Голос Фицджеймса звучит очень, очень тихо. В битком набитой жилой палубе звуки легко проникают через переборки.
– Почему бы им, собственно, не считать так? – Теперь Крозье чувствует действие бренди. Вчера вечером он не выпил ни капли. Алкоголь благотворно действует на желудок и утомленный мозг.– Женщина появляется в день, когда начинается этот кошмар, со своим отцом или братом-колдуном. Язык у нее вырван по самый корень. Почему бы людям не считать, что она и является причиной всех бед, черт возьми?
– Но вы более пяти месяцев держите ее на борту «Террора»,– говорит Фицджеймс.
В голосе молодого капитана не слышится упрека, только любопытство.
Крозье пожимает плечами.
– Я не верю в ведьм.
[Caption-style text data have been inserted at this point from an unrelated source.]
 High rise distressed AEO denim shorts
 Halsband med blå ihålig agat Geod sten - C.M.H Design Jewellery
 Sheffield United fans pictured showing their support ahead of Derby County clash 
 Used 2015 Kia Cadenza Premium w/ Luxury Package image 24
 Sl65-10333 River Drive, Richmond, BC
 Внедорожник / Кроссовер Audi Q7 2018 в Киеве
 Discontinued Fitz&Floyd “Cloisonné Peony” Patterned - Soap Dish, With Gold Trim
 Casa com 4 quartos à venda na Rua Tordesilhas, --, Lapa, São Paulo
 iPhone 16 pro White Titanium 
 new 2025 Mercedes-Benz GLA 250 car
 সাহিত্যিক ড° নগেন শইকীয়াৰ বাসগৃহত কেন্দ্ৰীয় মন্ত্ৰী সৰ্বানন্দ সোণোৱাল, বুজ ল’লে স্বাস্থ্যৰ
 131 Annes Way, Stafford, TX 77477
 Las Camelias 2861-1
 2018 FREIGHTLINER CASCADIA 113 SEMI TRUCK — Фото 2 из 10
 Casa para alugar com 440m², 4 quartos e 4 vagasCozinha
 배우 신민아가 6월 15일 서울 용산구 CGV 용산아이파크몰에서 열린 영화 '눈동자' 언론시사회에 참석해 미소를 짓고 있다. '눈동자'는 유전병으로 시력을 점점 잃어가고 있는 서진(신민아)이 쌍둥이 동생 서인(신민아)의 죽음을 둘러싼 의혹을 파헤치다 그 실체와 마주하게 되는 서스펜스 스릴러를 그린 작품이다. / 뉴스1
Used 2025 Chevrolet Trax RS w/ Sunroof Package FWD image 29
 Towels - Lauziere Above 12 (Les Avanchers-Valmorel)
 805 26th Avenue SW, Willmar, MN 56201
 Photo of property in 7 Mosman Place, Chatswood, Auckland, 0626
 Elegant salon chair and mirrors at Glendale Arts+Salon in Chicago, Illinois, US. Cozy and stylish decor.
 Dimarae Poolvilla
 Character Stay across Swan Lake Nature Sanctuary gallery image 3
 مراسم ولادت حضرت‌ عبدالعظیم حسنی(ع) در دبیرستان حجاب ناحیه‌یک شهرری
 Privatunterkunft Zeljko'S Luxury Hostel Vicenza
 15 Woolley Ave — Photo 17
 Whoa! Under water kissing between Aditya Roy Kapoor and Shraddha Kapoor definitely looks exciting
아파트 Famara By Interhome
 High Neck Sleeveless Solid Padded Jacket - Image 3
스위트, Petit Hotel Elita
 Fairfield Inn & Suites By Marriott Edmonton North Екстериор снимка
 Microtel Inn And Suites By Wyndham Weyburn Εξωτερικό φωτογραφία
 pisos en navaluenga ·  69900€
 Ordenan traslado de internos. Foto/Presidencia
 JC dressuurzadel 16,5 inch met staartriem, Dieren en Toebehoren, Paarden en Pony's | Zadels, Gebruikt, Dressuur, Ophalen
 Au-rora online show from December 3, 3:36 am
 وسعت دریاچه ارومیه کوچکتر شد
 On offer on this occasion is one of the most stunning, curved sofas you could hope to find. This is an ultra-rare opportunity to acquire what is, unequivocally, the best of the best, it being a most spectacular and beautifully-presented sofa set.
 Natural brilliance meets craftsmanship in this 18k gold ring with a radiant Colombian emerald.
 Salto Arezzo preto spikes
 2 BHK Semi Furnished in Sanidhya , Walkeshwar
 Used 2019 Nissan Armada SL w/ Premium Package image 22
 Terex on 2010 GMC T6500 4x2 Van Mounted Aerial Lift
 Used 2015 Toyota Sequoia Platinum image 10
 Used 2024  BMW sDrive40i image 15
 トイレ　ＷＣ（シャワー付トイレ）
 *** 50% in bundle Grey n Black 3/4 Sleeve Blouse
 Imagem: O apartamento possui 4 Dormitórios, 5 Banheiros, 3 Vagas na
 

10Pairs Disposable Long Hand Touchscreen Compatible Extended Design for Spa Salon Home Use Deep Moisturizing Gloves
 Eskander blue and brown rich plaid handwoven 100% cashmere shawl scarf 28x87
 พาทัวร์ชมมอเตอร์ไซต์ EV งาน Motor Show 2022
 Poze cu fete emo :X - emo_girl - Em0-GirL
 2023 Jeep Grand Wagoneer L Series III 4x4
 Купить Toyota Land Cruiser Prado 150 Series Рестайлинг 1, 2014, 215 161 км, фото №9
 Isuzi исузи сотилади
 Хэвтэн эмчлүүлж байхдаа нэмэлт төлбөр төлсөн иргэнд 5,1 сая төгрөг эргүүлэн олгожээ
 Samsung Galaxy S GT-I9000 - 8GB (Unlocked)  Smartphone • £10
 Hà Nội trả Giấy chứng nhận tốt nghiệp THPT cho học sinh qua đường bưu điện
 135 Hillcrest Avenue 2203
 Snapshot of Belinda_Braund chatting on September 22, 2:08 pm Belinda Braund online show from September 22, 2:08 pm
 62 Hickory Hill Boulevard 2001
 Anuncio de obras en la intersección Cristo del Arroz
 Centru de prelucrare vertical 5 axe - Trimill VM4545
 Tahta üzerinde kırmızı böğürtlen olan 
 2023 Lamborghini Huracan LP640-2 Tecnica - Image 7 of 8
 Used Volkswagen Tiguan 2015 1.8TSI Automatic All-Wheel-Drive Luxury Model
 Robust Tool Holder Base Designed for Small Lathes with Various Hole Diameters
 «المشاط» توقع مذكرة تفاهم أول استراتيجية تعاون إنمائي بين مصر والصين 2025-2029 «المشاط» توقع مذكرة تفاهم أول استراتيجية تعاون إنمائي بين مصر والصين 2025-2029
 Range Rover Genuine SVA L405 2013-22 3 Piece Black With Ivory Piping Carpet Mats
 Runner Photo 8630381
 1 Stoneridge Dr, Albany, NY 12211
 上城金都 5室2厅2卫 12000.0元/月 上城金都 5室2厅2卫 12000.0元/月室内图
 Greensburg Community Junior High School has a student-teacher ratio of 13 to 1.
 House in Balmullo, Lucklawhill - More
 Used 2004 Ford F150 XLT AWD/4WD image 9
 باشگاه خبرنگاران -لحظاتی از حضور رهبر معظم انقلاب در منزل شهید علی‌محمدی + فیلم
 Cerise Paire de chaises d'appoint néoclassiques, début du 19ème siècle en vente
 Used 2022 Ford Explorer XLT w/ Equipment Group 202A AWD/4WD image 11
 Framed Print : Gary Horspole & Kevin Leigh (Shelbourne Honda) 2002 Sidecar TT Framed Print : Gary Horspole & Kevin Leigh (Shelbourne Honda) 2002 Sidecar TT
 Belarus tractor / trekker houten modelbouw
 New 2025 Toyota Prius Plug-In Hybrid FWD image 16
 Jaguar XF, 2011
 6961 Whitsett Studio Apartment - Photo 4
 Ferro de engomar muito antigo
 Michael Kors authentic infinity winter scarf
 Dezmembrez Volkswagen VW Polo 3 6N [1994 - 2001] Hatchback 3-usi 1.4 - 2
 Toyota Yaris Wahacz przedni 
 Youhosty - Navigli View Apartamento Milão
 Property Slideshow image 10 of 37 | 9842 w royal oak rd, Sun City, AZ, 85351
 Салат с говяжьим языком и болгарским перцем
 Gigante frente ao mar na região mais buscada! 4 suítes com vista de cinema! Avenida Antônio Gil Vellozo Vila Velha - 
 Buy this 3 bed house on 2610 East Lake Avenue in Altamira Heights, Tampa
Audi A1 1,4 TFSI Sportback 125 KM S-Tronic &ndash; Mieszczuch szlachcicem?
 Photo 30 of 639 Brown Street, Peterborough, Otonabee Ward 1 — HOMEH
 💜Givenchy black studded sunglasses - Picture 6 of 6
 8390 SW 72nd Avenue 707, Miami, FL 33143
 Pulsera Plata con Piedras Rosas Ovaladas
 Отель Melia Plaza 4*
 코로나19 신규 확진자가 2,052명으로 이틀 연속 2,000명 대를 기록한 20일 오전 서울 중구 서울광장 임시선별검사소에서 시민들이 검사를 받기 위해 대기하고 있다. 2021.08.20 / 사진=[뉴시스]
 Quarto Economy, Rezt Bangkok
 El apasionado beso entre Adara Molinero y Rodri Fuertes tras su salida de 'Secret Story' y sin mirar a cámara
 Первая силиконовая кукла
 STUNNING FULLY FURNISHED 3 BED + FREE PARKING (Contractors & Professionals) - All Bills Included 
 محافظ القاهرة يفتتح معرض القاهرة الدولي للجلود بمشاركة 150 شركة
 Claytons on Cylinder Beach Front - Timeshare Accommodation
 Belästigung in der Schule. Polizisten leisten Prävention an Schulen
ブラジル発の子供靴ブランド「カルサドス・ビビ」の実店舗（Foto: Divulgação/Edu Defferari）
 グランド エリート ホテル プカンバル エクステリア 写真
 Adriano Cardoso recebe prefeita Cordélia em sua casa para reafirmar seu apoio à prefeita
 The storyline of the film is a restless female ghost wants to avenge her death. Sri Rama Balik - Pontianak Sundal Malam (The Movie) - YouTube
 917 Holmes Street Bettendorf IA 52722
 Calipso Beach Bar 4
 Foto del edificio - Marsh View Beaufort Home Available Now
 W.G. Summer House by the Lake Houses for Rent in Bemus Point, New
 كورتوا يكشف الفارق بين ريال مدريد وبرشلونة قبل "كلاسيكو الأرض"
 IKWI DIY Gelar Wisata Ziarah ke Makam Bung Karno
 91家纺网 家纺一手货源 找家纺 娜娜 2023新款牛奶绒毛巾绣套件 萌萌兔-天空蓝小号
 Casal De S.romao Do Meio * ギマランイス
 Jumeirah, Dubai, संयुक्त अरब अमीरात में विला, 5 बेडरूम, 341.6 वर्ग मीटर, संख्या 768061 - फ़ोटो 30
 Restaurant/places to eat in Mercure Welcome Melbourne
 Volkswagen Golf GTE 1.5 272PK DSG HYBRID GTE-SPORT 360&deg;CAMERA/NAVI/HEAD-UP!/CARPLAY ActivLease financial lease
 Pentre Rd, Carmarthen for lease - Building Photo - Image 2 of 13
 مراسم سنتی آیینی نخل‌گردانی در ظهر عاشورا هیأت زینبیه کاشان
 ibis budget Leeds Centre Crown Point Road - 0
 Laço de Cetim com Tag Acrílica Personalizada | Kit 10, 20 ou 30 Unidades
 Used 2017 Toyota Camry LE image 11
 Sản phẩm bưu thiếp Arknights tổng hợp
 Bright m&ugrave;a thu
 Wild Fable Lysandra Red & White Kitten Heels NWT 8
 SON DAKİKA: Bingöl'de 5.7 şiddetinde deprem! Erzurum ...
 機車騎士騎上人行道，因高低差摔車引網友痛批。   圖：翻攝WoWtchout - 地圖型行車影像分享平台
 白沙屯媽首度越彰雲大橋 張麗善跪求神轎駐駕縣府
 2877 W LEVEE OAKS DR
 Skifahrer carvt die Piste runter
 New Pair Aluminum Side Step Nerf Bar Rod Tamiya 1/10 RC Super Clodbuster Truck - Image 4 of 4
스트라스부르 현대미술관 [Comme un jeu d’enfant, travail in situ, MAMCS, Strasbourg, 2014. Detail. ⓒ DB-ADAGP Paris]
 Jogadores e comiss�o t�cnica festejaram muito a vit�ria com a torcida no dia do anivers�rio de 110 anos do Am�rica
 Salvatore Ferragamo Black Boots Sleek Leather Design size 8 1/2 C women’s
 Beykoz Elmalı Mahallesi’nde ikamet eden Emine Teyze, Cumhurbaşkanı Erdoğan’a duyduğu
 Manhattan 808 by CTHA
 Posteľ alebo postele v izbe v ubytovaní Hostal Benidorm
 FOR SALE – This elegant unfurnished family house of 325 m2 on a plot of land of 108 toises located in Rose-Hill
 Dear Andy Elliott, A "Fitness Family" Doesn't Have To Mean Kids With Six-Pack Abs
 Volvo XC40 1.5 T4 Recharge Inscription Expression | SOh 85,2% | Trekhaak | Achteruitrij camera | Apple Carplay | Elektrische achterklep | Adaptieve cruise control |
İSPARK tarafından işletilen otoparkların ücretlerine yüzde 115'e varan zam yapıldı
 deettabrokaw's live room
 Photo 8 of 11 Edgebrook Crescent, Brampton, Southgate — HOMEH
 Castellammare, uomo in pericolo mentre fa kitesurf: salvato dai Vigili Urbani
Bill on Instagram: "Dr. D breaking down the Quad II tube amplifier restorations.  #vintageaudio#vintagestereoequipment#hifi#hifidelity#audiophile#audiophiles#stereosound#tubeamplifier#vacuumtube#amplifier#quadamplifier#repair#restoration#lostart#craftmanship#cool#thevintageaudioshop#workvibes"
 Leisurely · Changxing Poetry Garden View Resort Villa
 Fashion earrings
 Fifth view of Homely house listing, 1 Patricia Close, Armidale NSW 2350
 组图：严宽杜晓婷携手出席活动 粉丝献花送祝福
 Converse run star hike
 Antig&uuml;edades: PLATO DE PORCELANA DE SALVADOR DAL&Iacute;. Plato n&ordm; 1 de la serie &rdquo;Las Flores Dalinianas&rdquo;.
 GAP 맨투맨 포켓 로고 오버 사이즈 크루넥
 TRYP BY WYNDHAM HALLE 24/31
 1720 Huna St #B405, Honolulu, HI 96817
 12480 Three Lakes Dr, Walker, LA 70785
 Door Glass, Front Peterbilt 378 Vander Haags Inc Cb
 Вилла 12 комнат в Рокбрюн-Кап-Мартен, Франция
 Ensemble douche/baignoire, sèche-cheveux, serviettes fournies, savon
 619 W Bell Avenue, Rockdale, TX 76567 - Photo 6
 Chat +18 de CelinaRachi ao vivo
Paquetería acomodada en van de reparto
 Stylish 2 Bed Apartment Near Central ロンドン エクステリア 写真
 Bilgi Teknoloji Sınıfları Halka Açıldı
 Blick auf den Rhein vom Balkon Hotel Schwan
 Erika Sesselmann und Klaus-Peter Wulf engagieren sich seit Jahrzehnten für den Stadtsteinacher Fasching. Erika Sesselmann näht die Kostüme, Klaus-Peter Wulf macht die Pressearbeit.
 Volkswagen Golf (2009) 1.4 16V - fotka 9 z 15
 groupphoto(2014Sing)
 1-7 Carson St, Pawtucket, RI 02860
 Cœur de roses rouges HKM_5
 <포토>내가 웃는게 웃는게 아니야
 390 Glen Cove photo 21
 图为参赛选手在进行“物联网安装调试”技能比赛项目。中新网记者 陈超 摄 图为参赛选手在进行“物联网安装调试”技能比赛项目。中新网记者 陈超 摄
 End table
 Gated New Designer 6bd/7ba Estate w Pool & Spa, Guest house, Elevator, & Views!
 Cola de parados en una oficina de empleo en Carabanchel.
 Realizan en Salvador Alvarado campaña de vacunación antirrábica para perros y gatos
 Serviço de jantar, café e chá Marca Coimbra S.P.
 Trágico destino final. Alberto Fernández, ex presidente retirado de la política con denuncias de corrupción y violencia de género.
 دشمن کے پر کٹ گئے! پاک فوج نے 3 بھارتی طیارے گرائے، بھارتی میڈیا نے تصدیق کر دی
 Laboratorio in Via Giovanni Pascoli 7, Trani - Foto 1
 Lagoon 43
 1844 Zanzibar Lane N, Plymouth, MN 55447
Да и во всяких ион тоже, коли на то пошло. Но я действительно верю, что, если мы выставим женщину на лед, зверь сожрет ее, как пожирает сейчас Эванса и Стронга. А возможно, и вашего рядового Рида. Кстати, не тот ли это Билли Рид, рыжий морской пехотинец, который очень любил поговорить о том писателе… Диккенсе?
– Он самый, Уильям Рид,– говорит Фицджеймс.– Он показывал отличные результаты, когда люди устраивали состязание по бегу на острове Диско два года назад. Я подумал, что один человек, да такой проворный…– Он осекается и закусывает губу.– Мне следовало подождать до утра.
– Зачем? – спрашивает Крозье.– Утром стоит такая же темень. Да и в полдень не многим светлее, собственно говоря. Отныне никакой разницы между днем и ночью нет – и не будет в ближайшие четыре месяца. И не похоже, чтобы чертов зверь охотился только по ночам… или только в темноте, коли на то пошло. Может, ваш Рид еще объявится. Наши посыльные и прежде не раз терялись во льдах и приходили через пять-шесть часов, дрожа от холода и ругаясь последними словами.
– Возможно.– В голосе Фицджеймса слышится сомнение. Утром я вышлю поисковые отряды.